Although President Joe Biden was praised early in his term for a series of actions on Yemen—temporarily freezing arms sales to Saudi Arabia and the United Arab Emirates, ending U.S. support for the coalition’s “offensive operations,” and reversing the designation of the Houthis as a terrorist organization—lawmakers and activists want him to go further.
“Since 2015, the restrictions imposed by the coalition have critically exacerbated the humanitarian crisis in Yemen,” the letter says.
“The interference, delay, and outright blocking of commercial goods and humanitarian assistance shipped to Yemen’s ports is a principal cause of price inflation, food insecurity, economic collapse, and the failure of public services in Yemen. These measures do not interrupt the supply of Iranian and other weapons to the Houthis.”
The letter acknowledges recent progress on getting fuel into Yemen as positive but adds that “none of this excuses the Saudi-led coalition’s continued obstruction of commercial and humanitarian imports to Yemen, which serves no legitimate humanitarian, political, or security purpose. Ending this practice will boost Yemen’s economy, de-escalate the conflict, and prevent this humanitarian catastrophe from worsening—all important U.S. objectives.”

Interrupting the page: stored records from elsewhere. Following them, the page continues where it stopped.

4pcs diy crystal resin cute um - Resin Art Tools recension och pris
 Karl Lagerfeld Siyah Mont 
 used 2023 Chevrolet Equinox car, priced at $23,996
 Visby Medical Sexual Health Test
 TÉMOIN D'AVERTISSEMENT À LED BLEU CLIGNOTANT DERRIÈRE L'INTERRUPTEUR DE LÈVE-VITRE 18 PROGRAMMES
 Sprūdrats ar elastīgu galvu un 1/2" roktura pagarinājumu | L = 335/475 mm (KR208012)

House Foreign Affairs Committee Chair Gregory Meeks (D-N.Y.) also signed on to the letter, as did Reps. David Cicilline (D-R.I), Gerry Connolly (D-Va.), William Keating (D-Mass.), Juan Vargas (D-Calif.), Brad Schneider (D-Ill.), Colin Allred (D-Texas), Tom Malinowski (D-N.J.), and Kathy Manning (D-N.C.).
It came a week after over 70 lawmakers—led by Reps. Ro Khanna (D-Calif.), Debbie Dingell (D-Mich.), and Mark Pocan (D-Wis.)—sent a similar message to the White House.